Provided material:
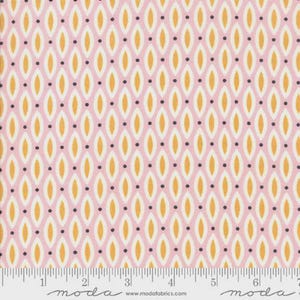 May include: Pink fabric with a repeating pattern of gold and white ovals, interspersed with small black dots. The fabric has a ruler along the bottom edge, with the word "moda" printed on it.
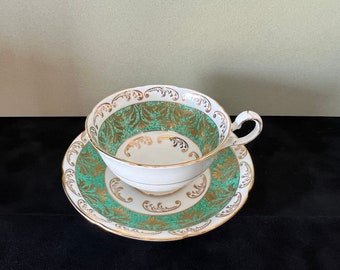Filiżanka do herbaty i spodek z porcelany kostnej Royal Grafton: miętowo-zielony, złoty filigran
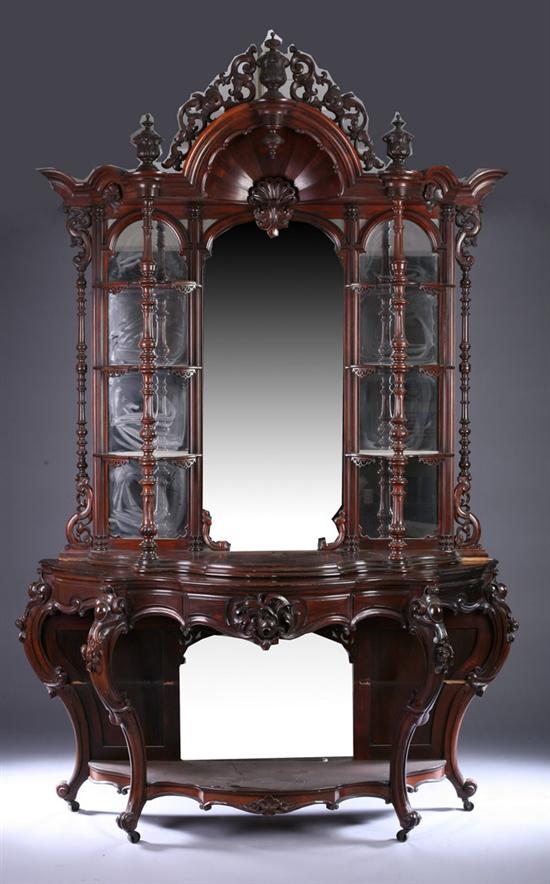 Appraisal: VICTORIAN ELABORATELY CARVED MAHOGANY MIRRORED-BACK CONSOLE ETAGERE in the modified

What you will do: Output the listing word for word. Drop the pictures.

Task result:
 May include: Pink fabric with a repeating pattern of gold and white ovals, interspersed with small black dots. The fabric has a ruler along the bottom edge, with the word "moda" printed on it.
Filiżanka do herbaty i spodek z porcelany kostnej Royal Grafton: miętowo-zielony, złoty filigran
 Appraisal: VICTORIAN ELABORATELY CARVED MAHOGANY MIRRORED-BACK CONSOLE ETAGERE in the modified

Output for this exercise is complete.